As palmas e os assobios do público ao fim de cada música exemplificaram na perfeição como este bando de meninos adultos são capazes do maior rigor e compenetração e de extraírem o mais tocante sentimento. Pedro Gonçalves é mais sorridente mas sisudo. Tó Trips mais mexido mas escondido. Porém, se o homem da cartola ia apresentando os temas com humor e concisão, foi mesmo o seu parceiro que agradeceu a todos os que têm acompanhado e facilitado a jornada dos Dead Combo até agora. Aliás, é esta identidade preponderante que tanto os define, esta ideia de fantasia, de um imaginário emanando da música, que leva a carismática dupla a falar tanto de uma «Lisboa Mulata» – que deu título a um disco, como dos homens do jazz à `porrada´ com marinheiros no Cais do Sodré – «Lusitânia Playboys», ou até mesmo da mulher atrás de um balcão no Bairro Alto – «Sopa de Cavalo Cansado» e «D. Emília» (dedicada à Dona Emília que tanto os atura na sala de ensaios da ZdB).

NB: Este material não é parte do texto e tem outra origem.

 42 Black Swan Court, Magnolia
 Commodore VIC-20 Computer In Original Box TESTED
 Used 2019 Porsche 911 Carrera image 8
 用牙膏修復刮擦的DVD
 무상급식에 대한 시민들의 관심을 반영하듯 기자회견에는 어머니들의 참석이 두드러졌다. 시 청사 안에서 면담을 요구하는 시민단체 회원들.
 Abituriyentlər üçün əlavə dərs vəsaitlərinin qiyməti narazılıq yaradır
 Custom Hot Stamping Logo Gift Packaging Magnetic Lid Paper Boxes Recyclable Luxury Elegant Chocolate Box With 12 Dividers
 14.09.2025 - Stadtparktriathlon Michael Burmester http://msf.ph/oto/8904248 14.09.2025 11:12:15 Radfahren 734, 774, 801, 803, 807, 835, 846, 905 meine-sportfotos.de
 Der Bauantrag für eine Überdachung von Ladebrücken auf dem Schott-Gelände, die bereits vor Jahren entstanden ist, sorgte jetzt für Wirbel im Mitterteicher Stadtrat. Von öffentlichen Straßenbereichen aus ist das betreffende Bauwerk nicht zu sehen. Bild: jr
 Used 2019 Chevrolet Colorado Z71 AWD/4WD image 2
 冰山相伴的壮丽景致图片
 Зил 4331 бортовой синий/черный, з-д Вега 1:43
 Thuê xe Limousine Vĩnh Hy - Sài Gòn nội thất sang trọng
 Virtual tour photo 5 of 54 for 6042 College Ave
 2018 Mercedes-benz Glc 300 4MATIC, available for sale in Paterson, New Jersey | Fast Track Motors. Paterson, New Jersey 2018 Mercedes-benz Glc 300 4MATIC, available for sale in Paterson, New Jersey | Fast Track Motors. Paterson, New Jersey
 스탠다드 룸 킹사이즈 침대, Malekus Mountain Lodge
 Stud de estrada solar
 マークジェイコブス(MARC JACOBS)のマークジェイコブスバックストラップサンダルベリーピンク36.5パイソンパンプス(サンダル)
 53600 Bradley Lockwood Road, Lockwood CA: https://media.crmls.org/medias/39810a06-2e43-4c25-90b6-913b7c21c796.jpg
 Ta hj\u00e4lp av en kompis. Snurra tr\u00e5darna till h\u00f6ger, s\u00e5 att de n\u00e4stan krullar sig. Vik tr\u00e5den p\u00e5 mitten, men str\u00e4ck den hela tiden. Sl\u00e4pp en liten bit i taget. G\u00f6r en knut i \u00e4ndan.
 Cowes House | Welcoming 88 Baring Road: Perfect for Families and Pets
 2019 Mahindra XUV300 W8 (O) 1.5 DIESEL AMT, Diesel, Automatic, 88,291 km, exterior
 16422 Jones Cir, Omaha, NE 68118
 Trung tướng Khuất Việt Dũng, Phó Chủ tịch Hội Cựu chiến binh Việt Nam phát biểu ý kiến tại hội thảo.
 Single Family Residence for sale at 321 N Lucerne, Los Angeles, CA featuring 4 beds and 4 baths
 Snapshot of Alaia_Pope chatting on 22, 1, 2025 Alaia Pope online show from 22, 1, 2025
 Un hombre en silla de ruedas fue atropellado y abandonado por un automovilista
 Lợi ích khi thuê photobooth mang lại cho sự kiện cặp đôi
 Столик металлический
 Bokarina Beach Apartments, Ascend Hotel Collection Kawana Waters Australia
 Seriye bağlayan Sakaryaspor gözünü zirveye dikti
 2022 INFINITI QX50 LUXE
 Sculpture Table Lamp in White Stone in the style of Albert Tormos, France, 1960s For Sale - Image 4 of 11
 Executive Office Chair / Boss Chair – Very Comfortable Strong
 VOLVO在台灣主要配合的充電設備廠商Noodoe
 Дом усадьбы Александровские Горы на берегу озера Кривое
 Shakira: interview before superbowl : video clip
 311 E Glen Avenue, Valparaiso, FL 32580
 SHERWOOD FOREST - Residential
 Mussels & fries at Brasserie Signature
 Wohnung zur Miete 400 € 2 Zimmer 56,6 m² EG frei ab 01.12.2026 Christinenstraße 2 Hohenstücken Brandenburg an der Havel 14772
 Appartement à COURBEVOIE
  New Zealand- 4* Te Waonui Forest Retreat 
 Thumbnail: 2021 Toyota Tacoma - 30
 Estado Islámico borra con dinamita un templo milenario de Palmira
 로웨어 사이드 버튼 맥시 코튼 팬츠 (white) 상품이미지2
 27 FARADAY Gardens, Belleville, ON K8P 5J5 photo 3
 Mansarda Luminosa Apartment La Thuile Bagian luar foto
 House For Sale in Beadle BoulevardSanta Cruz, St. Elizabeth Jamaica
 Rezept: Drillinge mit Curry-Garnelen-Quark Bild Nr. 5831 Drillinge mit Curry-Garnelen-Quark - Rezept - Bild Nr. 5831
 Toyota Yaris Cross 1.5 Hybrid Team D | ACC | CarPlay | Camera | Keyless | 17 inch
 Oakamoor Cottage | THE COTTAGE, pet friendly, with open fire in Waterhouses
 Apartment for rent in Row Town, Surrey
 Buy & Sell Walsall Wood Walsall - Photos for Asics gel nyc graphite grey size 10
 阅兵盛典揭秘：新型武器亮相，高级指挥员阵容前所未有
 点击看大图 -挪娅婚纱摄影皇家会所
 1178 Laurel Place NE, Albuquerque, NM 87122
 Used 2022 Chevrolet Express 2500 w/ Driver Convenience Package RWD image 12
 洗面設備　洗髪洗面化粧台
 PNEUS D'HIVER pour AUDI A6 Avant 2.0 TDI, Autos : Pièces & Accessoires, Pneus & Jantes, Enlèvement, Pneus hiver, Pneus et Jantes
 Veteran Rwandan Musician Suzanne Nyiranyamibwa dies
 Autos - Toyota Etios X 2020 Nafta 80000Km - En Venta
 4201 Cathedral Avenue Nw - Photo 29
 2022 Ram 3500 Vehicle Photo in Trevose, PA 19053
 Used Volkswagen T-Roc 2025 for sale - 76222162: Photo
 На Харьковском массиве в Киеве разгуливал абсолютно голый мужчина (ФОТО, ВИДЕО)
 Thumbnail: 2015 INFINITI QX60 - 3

«É estranho estar aqui nesta sala convosco. É estranho mas muito bom», desabafa-nos Pedro. Nem Tó Trips e Pedro Gonçalves acreditavam que, um dia, chegassem a este ponto de reconhecimento, com um álbum em primeiro lugar do top e um regresso ao Coliseu por sua conta, nem o segredo do seu sucesso é coisa óbvia ou facilmente imitável. Depois de tantas estórias contadas e tocadas, como a dos dois amigos que certa noite, após um concerto de Howe Gelb, rumaram ao Bairro Alto e criaram os Dead Combo, anunciam o fim com «Bunch of Meninos», talvez o momento mais rock do novo disco.
Perante um público visivelmente satisfeito, eufórico e grato, a banda volta para tocar os temas «Hawai em Chelas» e «B. Leza», mas desta vez num palco superior e decorado com um santuário. Eu, que adoro o estranho e o diferente, não digo que foi bom, mas excelente. Eu, que nunca gostei muito de circos, fiquei com muita pena que o público se tenha apressado e não tenha esperado pelo segundo número deste circo do século XXI. Sim, havia segundo encore e ficaram por tocar as músicas «Malibu Fair», «Ai que vida» e «Dos rios», com a dupla perdida em aventuras no México mais ou menos profundo. Obrigada Dead Combo por fazerem sempre mais por muito menos.